There are three common methods for installing a new lawn: sod, hydroseed and hand seeding. 

Hydroseeding is the most cost effective, although it will take up to two years to fully establish your lawn. Hydroseeding is the best drought tolerable choice. Once fully established, you can enjoy a lush green lawn for many years to come. For more detailed information, please visit our Hydroseeding section.

If you are looking for an instant lawn, sod is the answer, however, it is more costly. It is also almost impossible to hand water a newly sodded lawn, and we strongly recommend having an irrigation system if you are going to be installing sod, so that it has the chance to culminate properly. 

Hand seeding is the least costly of the three methods, however, it doesn’t always take. It does require a straw covering to protect it from the elements and those pesky critters. And in the event of any act of God, such as severe rain, will most easily wash away.

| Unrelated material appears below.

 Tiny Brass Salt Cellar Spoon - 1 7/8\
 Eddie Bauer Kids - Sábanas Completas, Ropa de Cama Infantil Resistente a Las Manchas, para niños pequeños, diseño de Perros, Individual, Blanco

We hope that the information provided will assist you in deciding which is the best route for you to take when installing your new lawn. You can always consult with a professional here at Nassar Landscaping & Irrigation, Inc. to further assist you and answer any questions you may have.

Choosing a Grass Seed

So you’ve decided to install a new lawn.  Selecting the proper grass seed mixture is important. What you intend to use the lawn area for, and the amount of maintenance you'll want to provide are two important factors, which should be considered before making the selection. There are mixes which are designed for play areas which are tough and durable grasses, a lush green lawn in the sun, or you may want a putting green in the shade. No matter what your needs, there is probably a 'most appropriate' seed mix for you.  Nassar Landscaping & Irrigation can help you in your decision making process.    So you have an idea of what types of seed are out there, we have provided some common types for your information.

  1. Kentucky bluegrass germinates in 14 to 28 days. Grows well in full sun to part shade. Does not do well in hot exposures.
  2. Perennial ryegrasses germinate in 5 to 7 days. Grows well in full sun to part shade. Does not do well in hot exposures.
  3. Fine-leaved fescues germinate in 14 to 21 days. Plant in early fall or spring. Grows well in full sun to light shade. Slower growing and more water efficient than tall fescue.
  4. Tall Fescues germinate in 7 to 10 days. Plant in early fall or spring. Grows well in full sun to very light shade.